Copy every line in the records below that contains the word "Renault".

▶ Information shown:
▬▬▬

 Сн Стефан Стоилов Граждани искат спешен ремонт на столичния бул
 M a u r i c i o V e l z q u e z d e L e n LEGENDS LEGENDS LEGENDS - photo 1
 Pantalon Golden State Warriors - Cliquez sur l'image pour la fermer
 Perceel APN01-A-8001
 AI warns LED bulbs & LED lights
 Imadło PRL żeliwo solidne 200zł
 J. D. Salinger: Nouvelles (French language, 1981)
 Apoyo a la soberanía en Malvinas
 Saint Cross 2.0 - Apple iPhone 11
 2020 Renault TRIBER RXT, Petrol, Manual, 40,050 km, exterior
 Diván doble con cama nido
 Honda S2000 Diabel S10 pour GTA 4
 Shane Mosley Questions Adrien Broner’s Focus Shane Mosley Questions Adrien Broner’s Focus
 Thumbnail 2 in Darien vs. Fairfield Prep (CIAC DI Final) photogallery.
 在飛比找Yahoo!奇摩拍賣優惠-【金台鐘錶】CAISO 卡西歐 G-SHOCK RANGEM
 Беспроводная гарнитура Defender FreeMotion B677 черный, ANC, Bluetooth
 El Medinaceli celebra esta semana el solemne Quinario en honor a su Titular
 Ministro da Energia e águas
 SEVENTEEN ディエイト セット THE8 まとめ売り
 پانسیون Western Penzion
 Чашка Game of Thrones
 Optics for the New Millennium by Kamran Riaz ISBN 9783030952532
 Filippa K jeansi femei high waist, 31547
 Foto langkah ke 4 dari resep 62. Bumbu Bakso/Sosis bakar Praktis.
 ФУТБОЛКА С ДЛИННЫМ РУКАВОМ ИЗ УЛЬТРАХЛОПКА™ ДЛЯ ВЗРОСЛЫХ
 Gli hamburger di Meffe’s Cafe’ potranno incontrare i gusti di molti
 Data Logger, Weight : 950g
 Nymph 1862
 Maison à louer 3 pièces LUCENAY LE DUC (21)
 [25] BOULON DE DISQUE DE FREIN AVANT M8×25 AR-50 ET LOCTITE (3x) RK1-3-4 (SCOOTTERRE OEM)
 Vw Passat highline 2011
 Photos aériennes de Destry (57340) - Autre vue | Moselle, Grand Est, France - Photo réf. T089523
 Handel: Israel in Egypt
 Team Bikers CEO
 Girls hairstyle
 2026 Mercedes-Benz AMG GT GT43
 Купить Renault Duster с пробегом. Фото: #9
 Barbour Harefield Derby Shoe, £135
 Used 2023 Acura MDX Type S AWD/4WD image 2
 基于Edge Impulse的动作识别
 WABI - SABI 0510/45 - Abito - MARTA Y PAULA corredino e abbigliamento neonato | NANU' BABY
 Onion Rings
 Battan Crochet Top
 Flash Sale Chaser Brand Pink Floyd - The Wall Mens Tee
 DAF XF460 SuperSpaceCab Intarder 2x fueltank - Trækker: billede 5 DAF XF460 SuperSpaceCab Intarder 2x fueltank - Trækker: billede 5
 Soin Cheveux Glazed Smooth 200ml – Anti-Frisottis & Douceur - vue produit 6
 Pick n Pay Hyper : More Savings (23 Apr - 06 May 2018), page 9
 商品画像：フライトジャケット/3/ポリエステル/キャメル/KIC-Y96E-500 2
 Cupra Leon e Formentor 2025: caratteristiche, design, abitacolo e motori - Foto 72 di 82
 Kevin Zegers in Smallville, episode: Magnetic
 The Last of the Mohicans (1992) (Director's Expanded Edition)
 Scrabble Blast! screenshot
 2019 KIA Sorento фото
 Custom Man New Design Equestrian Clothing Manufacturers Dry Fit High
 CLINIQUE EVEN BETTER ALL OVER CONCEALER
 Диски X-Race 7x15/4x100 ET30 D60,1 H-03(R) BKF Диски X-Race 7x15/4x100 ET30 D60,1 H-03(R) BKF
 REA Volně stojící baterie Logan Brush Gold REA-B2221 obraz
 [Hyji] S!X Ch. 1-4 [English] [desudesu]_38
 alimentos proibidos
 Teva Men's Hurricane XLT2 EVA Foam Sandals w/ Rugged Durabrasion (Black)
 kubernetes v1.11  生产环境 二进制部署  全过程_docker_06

▬▬▬

▶ Task solution:
 2020 Renault TRIBER RXT, Petrol, Manual, 40,050 km, exterior
 Купить Renault Duster с пробегом. Фото: #9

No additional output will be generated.